Hiring your first Data Scientist- An example of a tech interview for non-tech interviewers

One of my clients who were going to hire one of their first Data Scientists, recently asked me 'How do I ensure the candidate's level of technical competence from an interview situation?'  In this blog post I will share one of my approaches and provide you with a couple of concrete questions for interviewing Data Professionals. 

One of the key elements of working as a recruiter in Tech is to try to overcome the gap between the HR and Tech worlds. One of these worlds is commonly inhabited by sociable and conceptual-minded people, and the other is full of highly specialised and perhaps more introverted individuals. I'm sure you can figure out which is which.*

When interviewing a tech professional is important that you have some sort of prior understanding of the 'technology stack' of your company, but also some of the popular tools and systems in the wider industry. You may not be as lucky as me, having a Data Scientist as a partner that never stops talking about this stuff; if that is the case, I would encourage you to invest some time in googling or reaching out to colleagues to get some basic understanding of the things you find in CVs. 

I have developed a structure with a few straight forward questions that dig in deeper into the knowledge base of my candidates when it comes to technical skills. It has been helpful for me, and I would like to share this with you to facilitate your interview processes.


1. Ask for examples of projects. Past behavior is a good indication for future behavior, which is why you should try to talk about at least one very specific situation. This is a good starting point for getting into more detailed follow up questions. The classic format is:

Please tell me about a recent project where you were able to make use of your technical skills (Allow max 5 minutes of presentation, ask for specific tools if they mention "databases" or "statistical software" etc). What was the problem you were trying to solve? What was your role? What was the outcome, and how did you contribute?

2. SQL. Most roles in data and analytics involves some interaction with databases. And the most common way of accessing and manipulating data is through various flavours of the Structured Query Language. Both mature database engines, like PostgreSQL or MySQL, as well as newer distributed systems, like Hive, Spark and even Kafka offer SQL or SQL-like syntax. So make sure your candidate has at least some familiarity by asking:

What types of databases have you been working with? How did you extract the data you needed? (If the candidate mentions SQL, ask some follow up questions. Otherwise, stop and be cautious. If they only mention fancy stuff, ask 'what about plain old SQL'?) 

When it comes to specific follow-up questions to ask, there are a lot to find online in various lists. Make sure you ask easier questions first.

3. Programming. Especially if you're interviewing an aspiring Data Scientist, you should ask about their programming experience. There are many different programming languages out there, but the most common in the field of Data Science are Python, R, SAS and Matlab. It's generally not very hard to learn new languages if the candidate know at least one from before. To get a sense of their level of expertise, you can ask:

Basic: Do you ever write code to speed up or automate your work? (ask for examples and languages)
Advanced: Do you ever write production-level code? (follow up by asking what the difference is between production code and writing scripts for one-time use.
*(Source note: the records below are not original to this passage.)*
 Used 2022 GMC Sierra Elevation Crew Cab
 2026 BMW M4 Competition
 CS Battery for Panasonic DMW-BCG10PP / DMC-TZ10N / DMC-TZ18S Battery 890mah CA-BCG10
Expect them to mention unit testing and error handling at the very least) 

4. Distributed data. The Big Data hype is pushing companies to invest in systems that can store and operate on massive amounts of data, and also to look for employees with experience in these kinds of systems. It's increasingly common to 'rent' computing and storing capacity from cloud-providers, like Amazon Web Services, Google Cloud Services and Microsoft Azure. This means they no longer need to maintain their own cluster of physical servers and worry about software updates etc. For users of these services, however, it's still useful to understand some core differences between distributed systems and single-machine systems:

Please tell me some advantages of distributed data storage. (Scalability - possible to add machines to increase capability, cost - many less powerful computers are often cheaper than one very powerful one, performance - operations that are parallell in nature can run very quickly etc) In which situations would you choose to NOT use distributed data storage? (When the size of the data fits in the memory of one computer, when you want to keep complexity of the database system to the minimum, etc) 


Finally, remember that there is a limitation to what you can get out of an interview. If you really want to get a feel for a candidate's technical skills, you should challenge them with a coding task. We have developed a case study that we use to assess Data Scientists on their ability to build predictive models in R, Python or SAS that we can share with you. Let us know if interested. 

Hopefully this can help you structure your interview! If you have any other method and/or thoughts, please share and we can all contribute to close the gap between HR and tech. 


* Apologies for these very broad generalisations - I'm hinting at some common stereotypes of developers/engineers/analysts on one hand and HR professionals on the other.